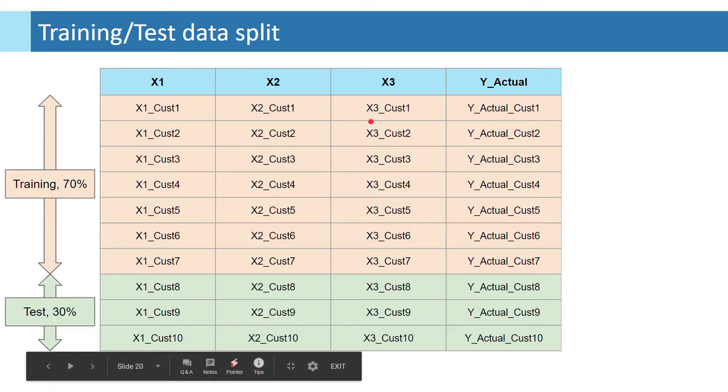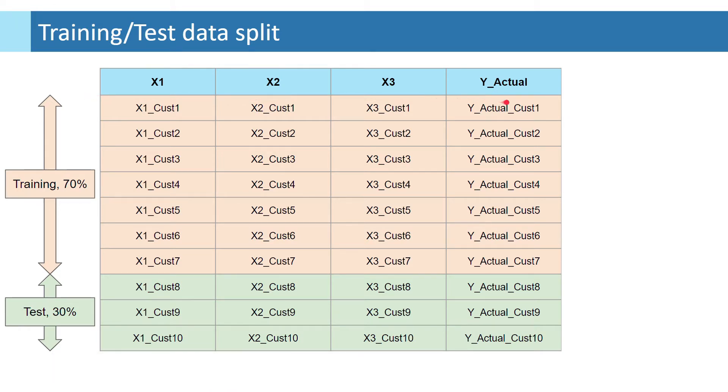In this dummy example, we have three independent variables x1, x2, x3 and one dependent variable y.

• • • • • • •

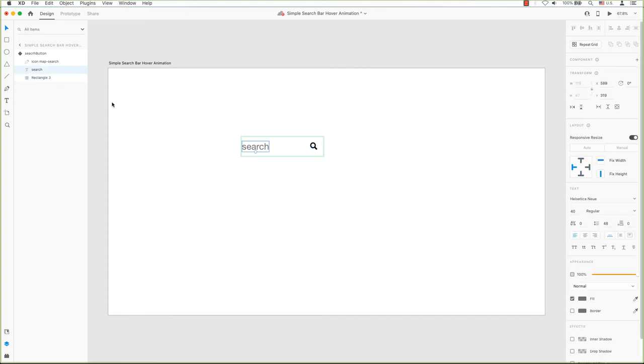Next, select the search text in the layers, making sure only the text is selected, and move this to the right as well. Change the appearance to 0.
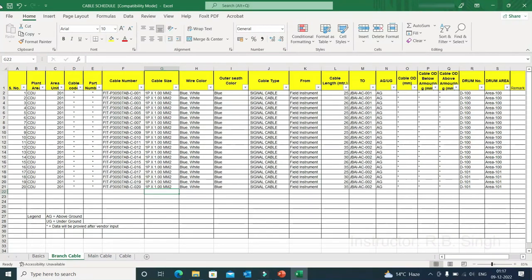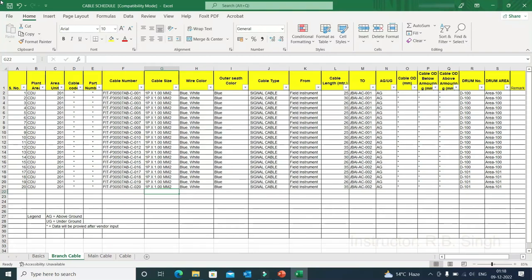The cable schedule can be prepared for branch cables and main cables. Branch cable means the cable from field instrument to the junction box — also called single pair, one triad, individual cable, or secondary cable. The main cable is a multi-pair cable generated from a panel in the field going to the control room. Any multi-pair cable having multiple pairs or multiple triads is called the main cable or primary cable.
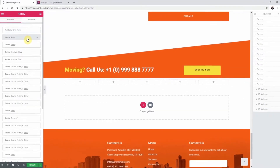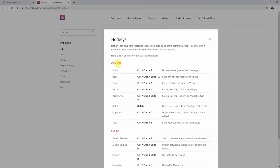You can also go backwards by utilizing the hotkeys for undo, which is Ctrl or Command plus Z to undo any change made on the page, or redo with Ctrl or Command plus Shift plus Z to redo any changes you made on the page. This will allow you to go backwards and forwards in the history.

• • • • • • •

▶ _About this task_
From the data above, retype only the lines starting with the line with "The cable schedule" and going on through the line with "You can also", exactly, leaving out the pictures.

▶ _Solution to the problem_
The cable schedule can be prepared for branch cables and main cables. Branch cable means the cable from field instrument to the junction box — also called single pair, one triad, individual cable, or secondary cable. The main cable is a multi-pair cable generated from a panel in the field going to the control room. Any multi-pair cable having multiple pairs or multiple triads is called the main cable or primary cable.
You can also go backwards by utilizing the hotkeys for undo, which is Ctrl or Command plus Z to undo any change made on the page, or redo with Ctrl or Command plus Shift plus Z to redo any changes you made on the page. This will allow you to go backwards and forwards in the history.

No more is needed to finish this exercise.